Esiste l’amicizia tra uomo e donna? Ed è possibile essere soltanto amici, senza turbamenti di tipo sentimentale o gelosie? Questo film non si propone di rispondere, almeno non di dare una risposta seria, ma trae spunto da una situazione paradossale per creare una commedia romantica e divertente, dal finale tutt’altro che scontato.

Julianne e Michael sono amici dai tempi del college, si conoscono profondamente, vanno d’accordo su ogni cosa, al punto che quando si sono separati, si sono fatti una promessa: se, arrivati ai 28 anni, saranno ancora single, si sposeranno tra di loro. Una promessa fatta quasi per gioco e poi dimenticata, finché Julianne, alla soglia del ventottesimo anno, riceve una telefonata da Michael che la invita al suo imminente matrimonio con la donna di cui si è follemente innamorato.

L’improvvisa rivelazione indispettisce Julianne che si rende conto di essere innamorata di Michael, e parte dunque con il proposito di mandare a monte il matrimonio. La situazione si complica quando si trova di fronte la futura sposa: praticamente la ragazza perfetta. Bella, colta, ricca, dolcissima e sensibile, ma anche divertente e brillante.
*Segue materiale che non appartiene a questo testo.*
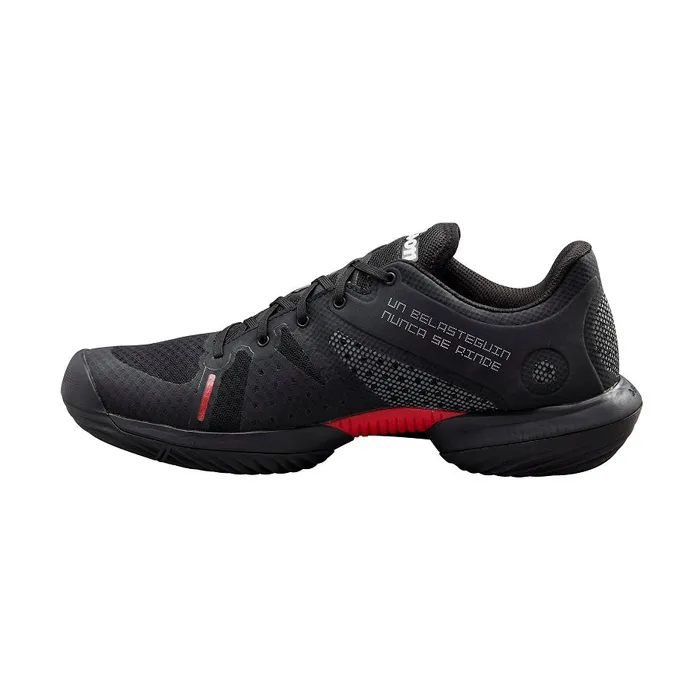 Shoes Wilson Sports Bela Pro Padel Shoe 8211 Black Ebony Red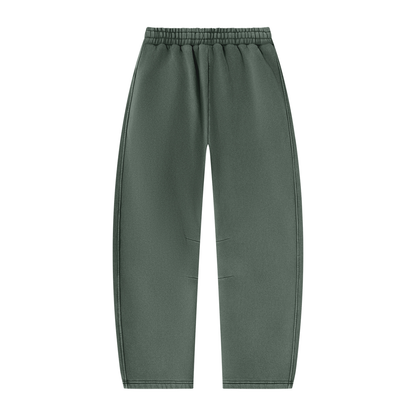 HSM Vintage Wash Barrel Leg Fleece Sweatpants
Forse un difetto ce l’ha: è un po’ ingenua e non si rende conto delle mire di Julienne, al punto che le chiede di farle da damigella. Questo le permetterà di tramare alle sue spalle senza alcuna difficoltà.

Quando tutti i suoi tentativi di sabotaggio falliscono, Julianne chiede l’aiuto dell’amico George, perché si faccia passare per il suo fidanzato, sperando di ingelosire Michael. Riuscirà con quest’ultimo tentativo a riconquistare il cuore di Michael? Finale a sorpresa, molto apprezzabile, per un film accattivante che viaggia sui binari della commedia brillante, alternata a momenti di vero romanticismo.

Julia Roberts è perfettamente a suo agio nel ruolo di Julianne, soprattutto negli aspetti più romantici del personaggio: il sorriso e gli occhi scintillanti sono quelli di Pretty woman e di tutte le altre commedie che ha interpretato negli anni ’90, spesso accanto a Richard Gere. Forse se anche in questo film si fosse scelto, per il ruolo di Michael, un attore del calibro di Gere, al posto dell’insipido Dermot Mulroney, il protagonista avrebbe avuto più personalità, invece di sembrare uno sciocco, manovrato e conteso dalle due donne.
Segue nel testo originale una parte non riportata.